━━ Material to process ━━

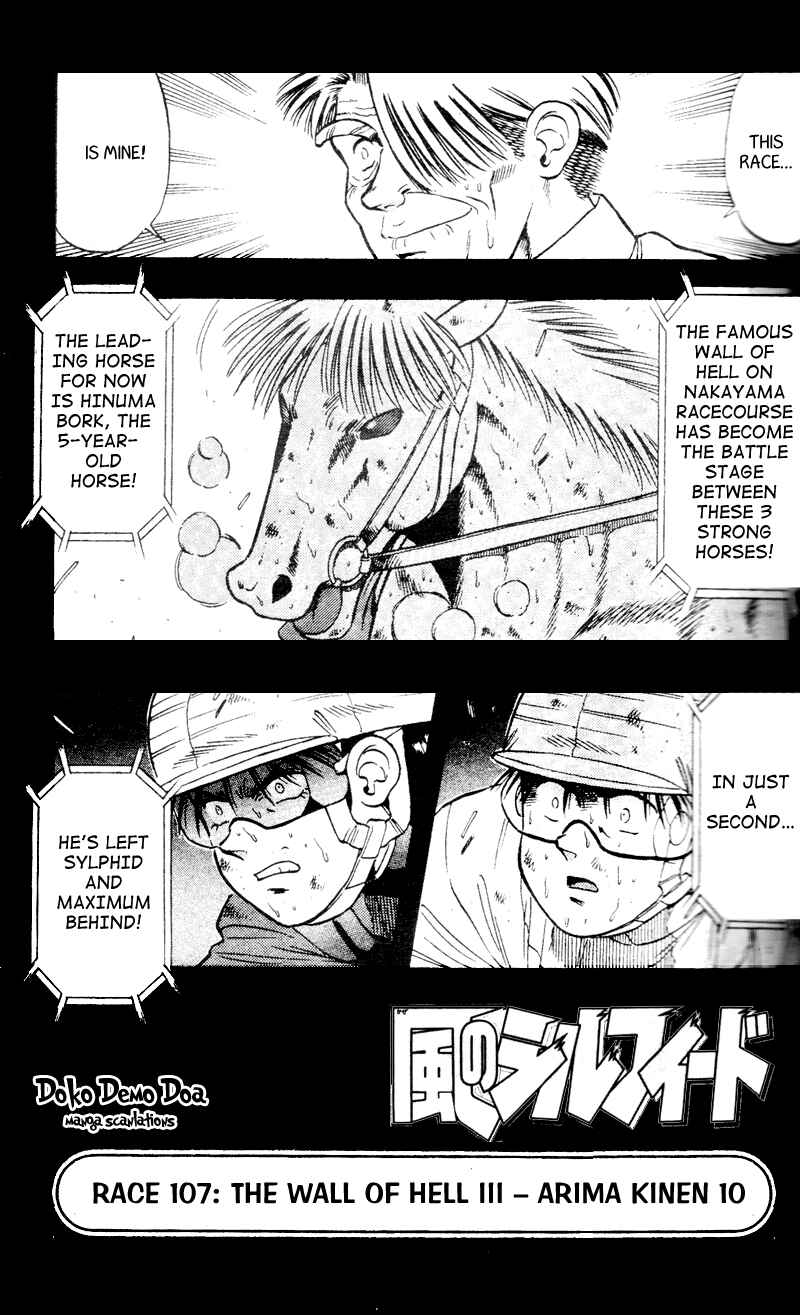 Page 1 Chapter 107 Kaze no Sylphid
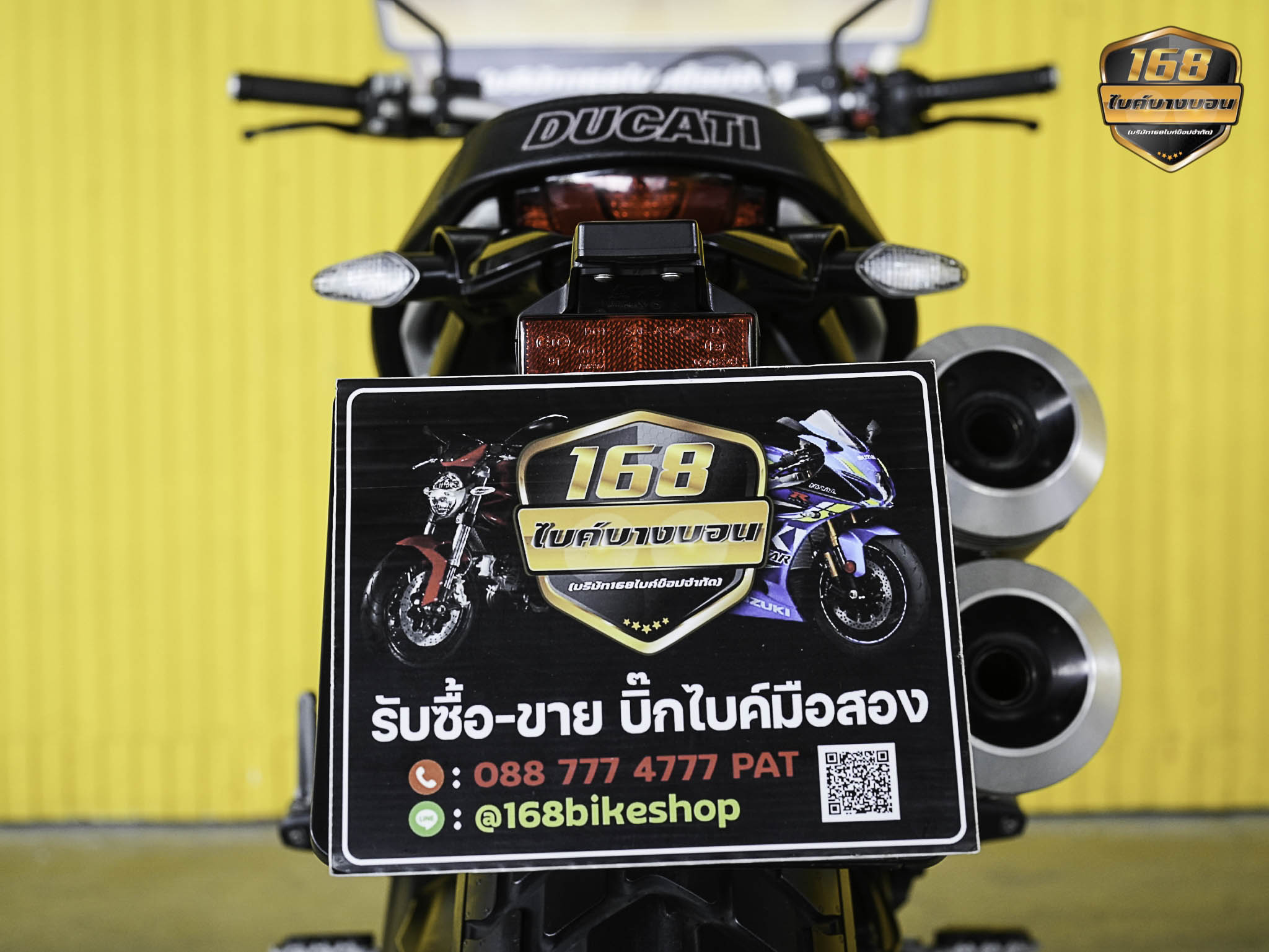 Ducati Scrambler 1100 PRO ปี 2021 ฟรีดาวน์ ออกรถใช้เงิน 0 บาท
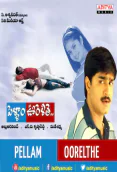 Pellam Oorelthe (2003)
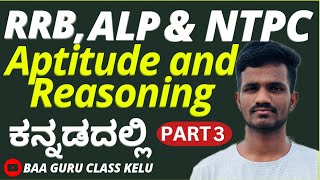 RRB ALP  RRB RPF  RRB NTPC  MENTAL ABILITY  KANNADA  By Ningappa D N [upl. by Catherine461]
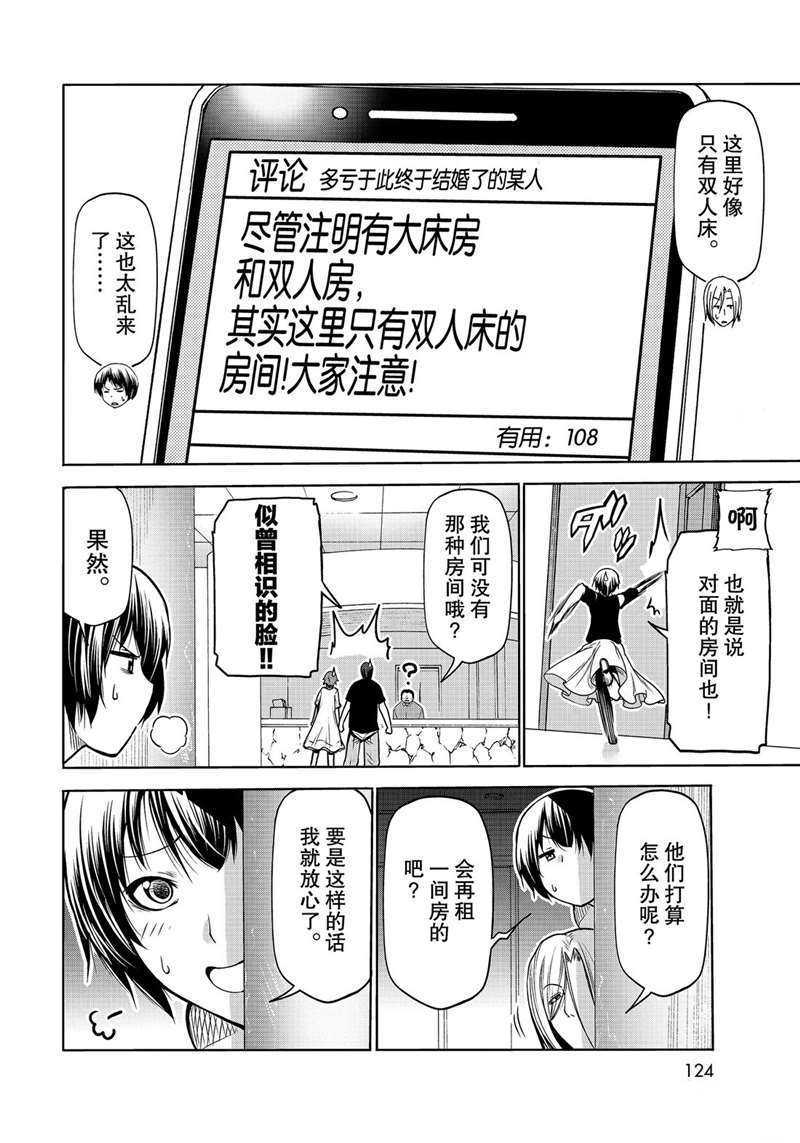 《GrandBlue》漫画最新章节第64话 试看版免费下拉式在线观看章节第【38】张图片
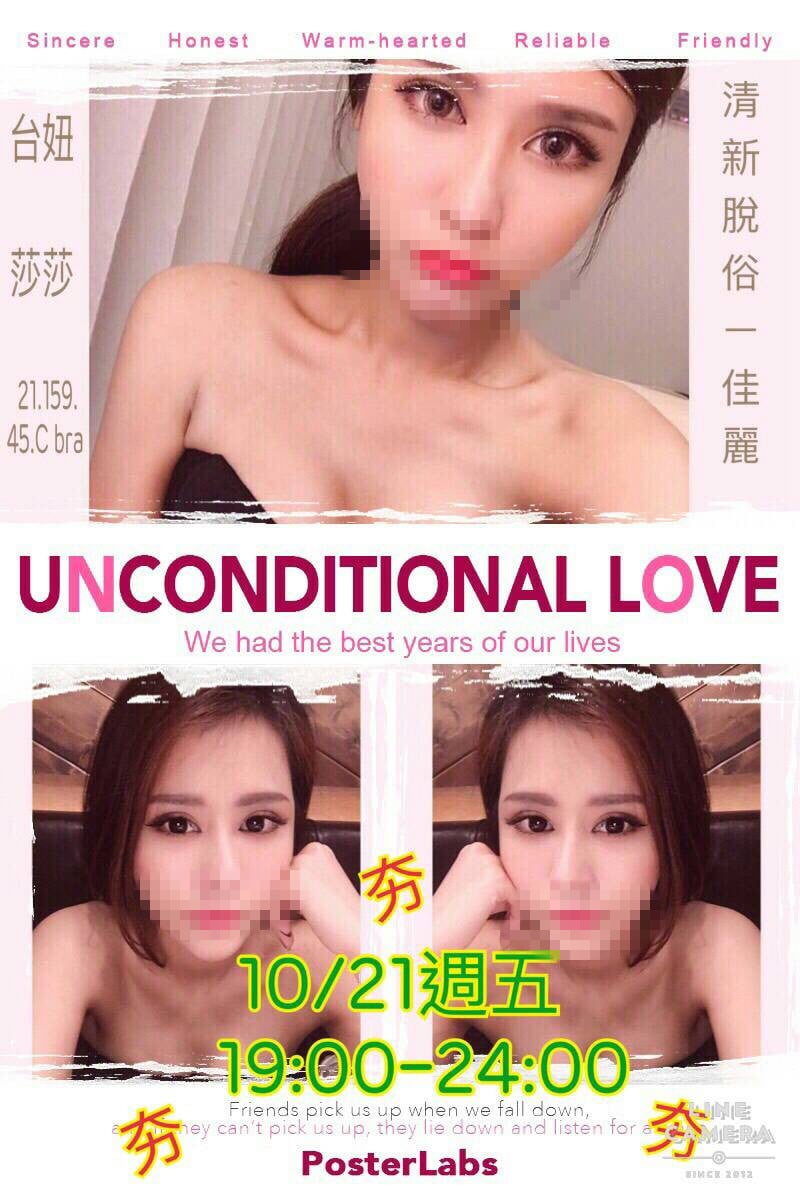 莎莎16.jpg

━━━

Task goal: Make an exact copy of the listing above, omitting the pictures.

Answer to this task:
 Page 1 Chapter 107 Kaze no Sylphid
 Ducati Scrambler 1100 PRO ปี 2021 ฟรีดาวน์ ออกรถใช้เงิน 0 บาท
 Pellam Oorelthe (2003)
 RRB ALP  RRB RPF  RRB NTPC  MENTAL ABILITY  KANNADA  By Ningappa D N [upl. by Catherine461]
 《GrandBlue》漫画最新章节第64话 试看版免费下拉式在线观看章节第【38】张图片
 莎莎16.jpg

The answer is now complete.